A declining dollar would have both benefits and costs for the US economy. For American business a weak dollar creates new opportunities to sell cheaper goods in foreign markets.
But US consumers will find that a drop in the dollar's exchange rate is threatening their buying power. Americans have become accustomed to buying foreign goods at bargain-basement prices. And US tourists will find that overseas travel has become more expensive.
"A sharp dollar decline would bring real inflationary consequences," says C. Fred Bergsten, director of the Institute for International Economics in Washington, DC.
Speaking at a meeting at the Centre for Economic Policy Research, Mr. Bergsten added the US could be hit by a triple whammy of rising prices, rising interest rates and a falling stock market, thus threatening confidence in the economy of the world's only superpower and reducing foreign investment.
Trade deficit puzzle
Also of concern to financial analysts is the current account deficit, the debt accumulated by trade and foreign investment, which in the US now stands at $500bn, or 5% of the nation's gross domestic product - a historic high.
But the deficit's effect on the dollar is debatable, with analysts argueing whether it is a bad thing at all.
"Whether a current account deficit is a problem... depends in part on a chicken-and-egg judgement - what you think is causing it, and how sustainable the trends are," says Alison Cotrell, analyst at UBS Warburg.
A large deficit is caused by increased demand for imports and investment in the US by foreign investors, among other things. The US has seen vast flows of capital into the country in recent years, as foreign investors tried to cash in on a booming economy and hungry American consumers.

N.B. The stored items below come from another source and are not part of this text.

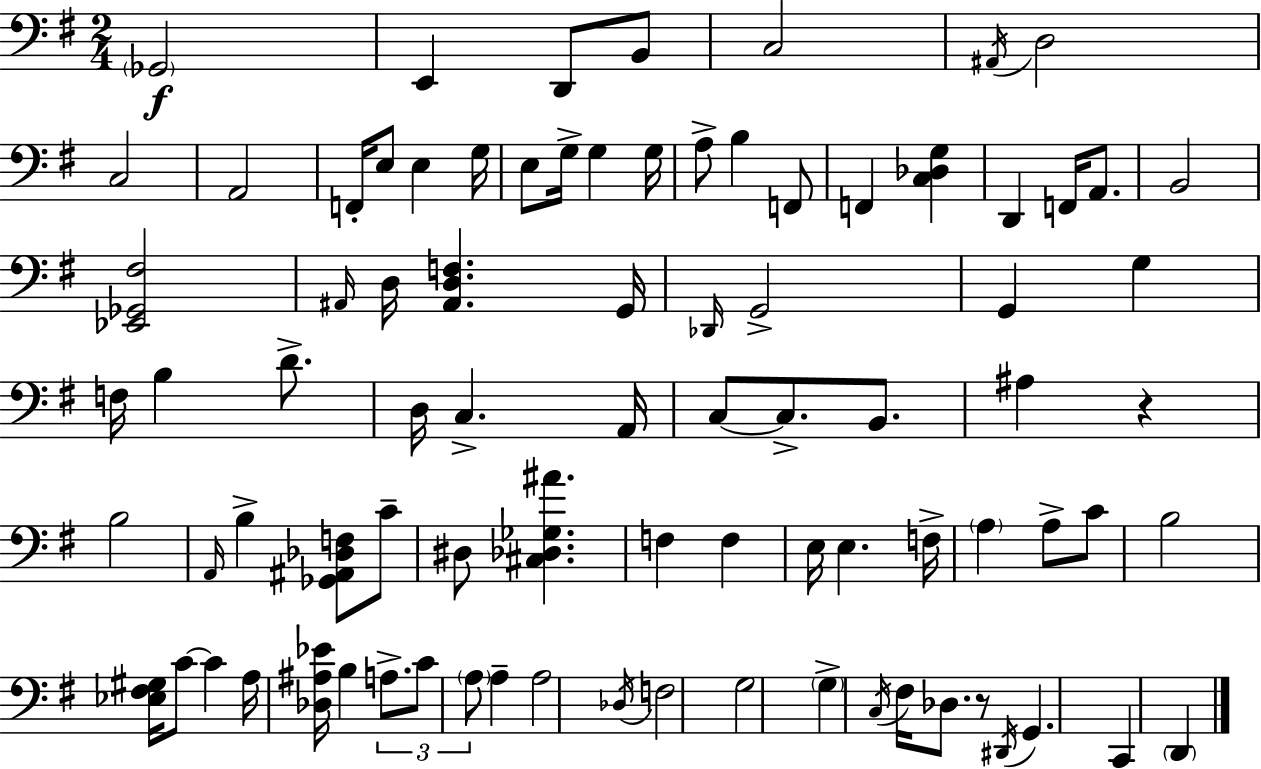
X:1
T:Untitled
M:2/4
L:1/4
K:Em
_G,,2 E,, D,,/2 B,,/2 C,2 ^A,,/4 D,2 C,2 A,,2 F,,/4 E,/2 E, G,/4 E,/2 G,/4 G, G,/4 A,/2 B, F,,/2 F,, [C,_D,G,] D,, F,,/4 A,,/2 B,,2 [_E,,_G,,^F,]2 ^A,,/4 D,/4 [^A,,D,F,] G,,/4 _D,,/4 G,,2 G,, G, F,/4 B, D/2 D,/4 C, A,,/4 C,/2 C,/2 B,,/2 ^A, z B,2 A,,/4 B, [_G,,^A,,_D,F,]/2 C/2 ^D,/2 [^C,_D,_G,^A] F, F, E,/4 E, F,/4 A, A,/2 C/2 B,2 [_E,^F,^G,]/4 C/2 C A,/4 [_D,^A,_E]/4 B, A,/2 C/2 A,/2 A, A,2 _D,/4 F,2 G,2 G, C,/4 ^F,/4 _D,/2 z/2 ^D,,/4 G,, C,, D,,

Much of that investment has been spurred by outstanding growth within the US, which ran at an annual clip of 6% in the first two quarters of 2000. Now an economic slowdown threatens to throw the country into recession.
"The prospects still point to a soft-landing scenario" for the US economy, said Goldman Sachs managing director Gerald Corrigan.
Speaking to reporters at an economic forum in Taipei, the former New York Federal Reserve president said he expects growth in the US of around 2.5% for the year.
Slowdown looms
Some economists are more pessimistic.
Mr. Bergsten warned that given the extraordinary growth experienced in recent months, a slowdown to a growth rate of about 2% could feel abrupt. Liken it to a car speeding down a highway at 90 miles per hour only to suddenly slow to 30 miles per hour.
The US may not technically see a recession, viewed as two back-to-back quarters of negative growth, but the slowing would be quite noticeable, Mr Bergsten said.
The rapid recovery of the euro also threatens confidence in the dollar. In recent weeks, the euro has surged, most recently trading at about $0.9460 in New York.
According to Mr Bergsten, the euro remains extremely undervalued. He said the euro would achieve balance with the dollar when it trades at 1 euro per $1.25, about 33% above its current level.
But he warned an appreciating euro faces a reluctant European business community, content with the euro remaining undervalued.
A cheap euro ensures European goods will remain inexpensive in America. It is a proposition that appeals both to European exporters, and to American consumers, whose voracious appetite for foreign goods is not likely to be slowed unless prices rise - and the dollar falls.
But many of the eurozone's consumers - and voters - believe that the euro weakness shows that it is a failure.
With the launch of euro banknotes and coins less than one year away, many analysts therefore expect the European Central Bank to intervene and boost the euro further.